0

I hope this question is not in other post since I have searched and not found an answer. I'm also quite new to programming but specially to scraping the web. If you guys know of any good, complete tutorial, I'll appreciate if you can direct me to it. I work with VBA and Python.

I begun working after reading this: Scraping data from website using vba

Very helpful, by the way.

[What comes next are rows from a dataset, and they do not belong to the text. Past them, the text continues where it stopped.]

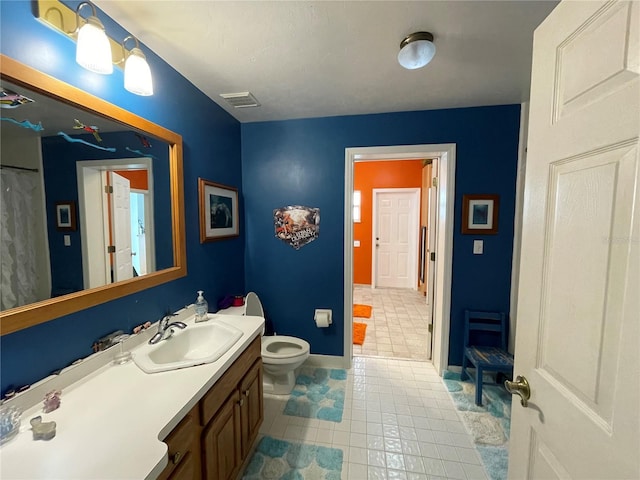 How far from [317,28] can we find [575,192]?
4.24 feet

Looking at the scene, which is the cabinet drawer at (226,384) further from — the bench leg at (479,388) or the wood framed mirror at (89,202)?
the bench leg at (479,388)

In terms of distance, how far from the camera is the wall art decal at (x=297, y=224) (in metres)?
2.49

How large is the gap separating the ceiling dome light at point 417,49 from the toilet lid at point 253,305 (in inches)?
79.7

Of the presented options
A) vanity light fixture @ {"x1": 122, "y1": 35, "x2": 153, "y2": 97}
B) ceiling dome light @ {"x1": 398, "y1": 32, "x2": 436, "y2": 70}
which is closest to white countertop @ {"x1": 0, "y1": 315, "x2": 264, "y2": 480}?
vanity light fixture @ {"x1": 122, "y1": 35, "x2": 153, "y2": 97}

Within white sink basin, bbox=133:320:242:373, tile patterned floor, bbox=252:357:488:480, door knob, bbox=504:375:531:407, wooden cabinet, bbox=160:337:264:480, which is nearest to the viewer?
door knob, bbox=504:375:531:407

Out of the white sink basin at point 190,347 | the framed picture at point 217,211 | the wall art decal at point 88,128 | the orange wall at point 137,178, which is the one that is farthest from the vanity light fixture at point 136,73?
the white sink basin at point 190,347

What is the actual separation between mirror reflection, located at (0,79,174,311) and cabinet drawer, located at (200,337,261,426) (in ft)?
2.24

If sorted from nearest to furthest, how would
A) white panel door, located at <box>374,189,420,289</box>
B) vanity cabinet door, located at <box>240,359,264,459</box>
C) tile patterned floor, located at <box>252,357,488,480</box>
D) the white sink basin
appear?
the white sink basin
vanity cabinet door, located at <box>240,359,264,459</box>
tile patterned floor, located at <box>252,357,488,480</box>
white panel door, located at <box>374,189,420,289</box>

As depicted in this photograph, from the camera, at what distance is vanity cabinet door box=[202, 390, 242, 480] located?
1099 millimetres

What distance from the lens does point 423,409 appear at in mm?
2016

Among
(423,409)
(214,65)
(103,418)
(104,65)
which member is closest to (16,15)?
(104,65)

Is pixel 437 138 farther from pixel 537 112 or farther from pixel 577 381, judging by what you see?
pixel 577 381

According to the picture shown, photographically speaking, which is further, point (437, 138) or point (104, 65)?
point (437, 138)

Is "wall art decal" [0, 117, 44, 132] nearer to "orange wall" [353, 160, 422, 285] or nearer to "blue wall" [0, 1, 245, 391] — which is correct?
"blue wall" [0, 1, 245, 391] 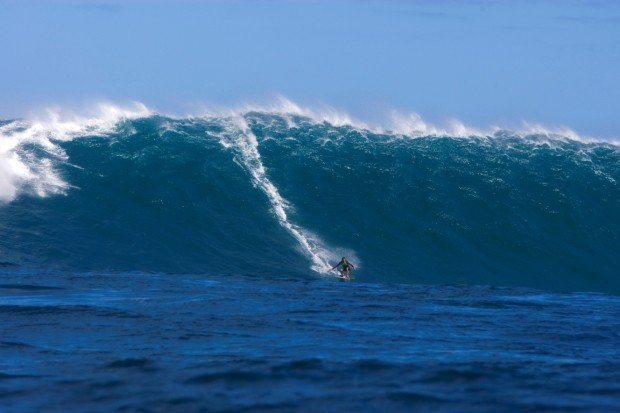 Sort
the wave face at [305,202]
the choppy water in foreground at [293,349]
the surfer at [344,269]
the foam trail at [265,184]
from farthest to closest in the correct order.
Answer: the foam trail at [265,184]
the wave face at [305,202]
the surfer at [344,269]
the choppy water in foreground at [293,349]

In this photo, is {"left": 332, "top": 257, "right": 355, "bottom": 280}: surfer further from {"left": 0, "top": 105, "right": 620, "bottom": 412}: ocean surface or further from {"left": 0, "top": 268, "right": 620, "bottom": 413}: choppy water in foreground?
{"left": 0, "top": 268, "right": 620, "bottom": 413}: choppy water in foreground

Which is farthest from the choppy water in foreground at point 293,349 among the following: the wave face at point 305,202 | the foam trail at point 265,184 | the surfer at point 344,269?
the foam trail at point 265,184

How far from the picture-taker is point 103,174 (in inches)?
1464

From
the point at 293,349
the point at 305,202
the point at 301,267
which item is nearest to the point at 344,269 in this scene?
the point at 301,267

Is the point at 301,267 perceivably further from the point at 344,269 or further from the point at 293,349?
the point at 293,349

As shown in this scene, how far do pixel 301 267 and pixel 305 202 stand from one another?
6.19 m

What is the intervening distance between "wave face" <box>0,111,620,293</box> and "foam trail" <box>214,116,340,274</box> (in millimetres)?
86

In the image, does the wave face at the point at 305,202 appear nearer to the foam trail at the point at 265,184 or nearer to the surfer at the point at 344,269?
the foam trail at the point at 265,184

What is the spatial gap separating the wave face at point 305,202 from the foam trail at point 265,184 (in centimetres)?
9

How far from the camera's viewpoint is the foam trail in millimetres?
31938

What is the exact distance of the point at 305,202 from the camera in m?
36.2

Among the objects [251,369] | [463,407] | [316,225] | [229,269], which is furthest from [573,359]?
[316,225]

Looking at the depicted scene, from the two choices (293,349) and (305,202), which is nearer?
(293,349)

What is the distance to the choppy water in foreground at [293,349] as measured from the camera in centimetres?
1096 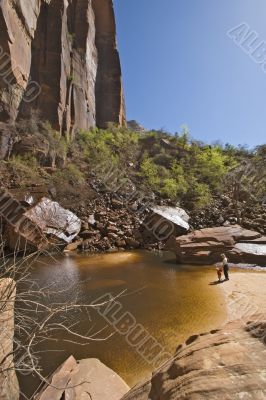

I understood the old method better so I chose that one.

The site I want to search in is: http://www.bcra.gob.ar/PublicacionesEstadisticas/Principales_variables.asp

The code I've written so far:

Sub Test()

    Dim ie As Object
    Dim form As Variant, button As Variant
    Set ie = CreateObject("InternetExplorer.Application")
    Dim TR_col As Object, TR As Object
    Dim TD_col As Object, TD As Object
    Dim xx As Object, x As Object
    

    With ie
    .Visible = True '< Show browser window
    .navigate ("http://www.bcra.gob.ar/PublicacionesEstadisticas/Principales_variables.asp") '> Travel to homepage
     
    Do While ie.Busy
        DoEvents
    Loop '< Wait for page to have loaded
     
     
    End With
       
    Set TR_col = ie.Document.getElementsByTagName("TR")
     
    For Each TR In TR_col
        Set xx = ie.Document.getElementsByTagName("a")
        If xx = "Base Monetaria - Promedio acumulado del mes (MM de $)" Then
            Cells(1, 1) = "Ok"
        End If
        
    Next TR
End Sub

Lastly, this is the Inspector looks like:

[![enter image description here][1]][1] [1]: https://i.stack.imgur.com/YoG4H.png

I also highlighted the piece of information I'm using for testing purposes.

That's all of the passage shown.